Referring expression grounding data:
[Start of Attachment]
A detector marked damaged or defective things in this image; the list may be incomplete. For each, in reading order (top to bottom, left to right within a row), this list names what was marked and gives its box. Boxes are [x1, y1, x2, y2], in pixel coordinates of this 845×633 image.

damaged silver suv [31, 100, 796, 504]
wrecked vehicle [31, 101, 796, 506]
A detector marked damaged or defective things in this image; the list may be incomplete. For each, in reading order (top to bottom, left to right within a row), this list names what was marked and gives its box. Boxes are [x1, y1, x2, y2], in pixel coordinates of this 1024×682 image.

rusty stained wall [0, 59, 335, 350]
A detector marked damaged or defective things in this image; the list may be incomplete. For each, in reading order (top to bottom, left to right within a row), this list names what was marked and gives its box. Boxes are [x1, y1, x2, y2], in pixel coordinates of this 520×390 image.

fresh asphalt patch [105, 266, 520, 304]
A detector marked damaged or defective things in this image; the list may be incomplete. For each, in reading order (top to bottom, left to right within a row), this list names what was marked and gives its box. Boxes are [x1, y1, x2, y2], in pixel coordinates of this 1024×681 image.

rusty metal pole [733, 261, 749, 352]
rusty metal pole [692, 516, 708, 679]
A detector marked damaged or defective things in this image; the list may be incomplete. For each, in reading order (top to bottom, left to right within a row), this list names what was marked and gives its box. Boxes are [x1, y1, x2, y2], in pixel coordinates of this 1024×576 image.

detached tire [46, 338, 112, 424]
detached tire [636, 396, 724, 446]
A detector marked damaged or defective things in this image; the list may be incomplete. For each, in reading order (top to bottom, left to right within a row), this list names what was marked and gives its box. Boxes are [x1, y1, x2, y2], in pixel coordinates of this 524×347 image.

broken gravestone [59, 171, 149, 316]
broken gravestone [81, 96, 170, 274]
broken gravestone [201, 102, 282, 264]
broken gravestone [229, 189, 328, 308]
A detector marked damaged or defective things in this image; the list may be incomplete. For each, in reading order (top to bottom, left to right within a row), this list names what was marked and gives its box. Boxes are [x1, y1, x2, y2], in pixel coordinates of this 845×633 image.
[End of Attachment]
Problem to work on: Look for "this 524×347 image." in the records. Write out its line and every later line through the end exactly, with nothing more.

Answer to this task:
A detector marked damaged or defective things in this image; the list may be incomplete. For each, in reading order (top to bottom, left to right within a row), this list names what was marked and gives its box. Boxes are [x1, y1, x2, y2], in pixel coordinates of this 524×347 image.

broken gravestone [59, 171, 149, 316]
broken gravestone [81, 96, 170, 274]
broken gravestone [201, 102, 282, 264]
broken gravestone [229, 189, 328, 308]
A detector marked damaged or defective things in this image; the list may be incomplete. For each, in reading order (top to bottom, left to right within a row), this list names what was marked and gives its box. Boxes are [x1, y1, x2, y2], in pixel coordinates of this 845×633 image.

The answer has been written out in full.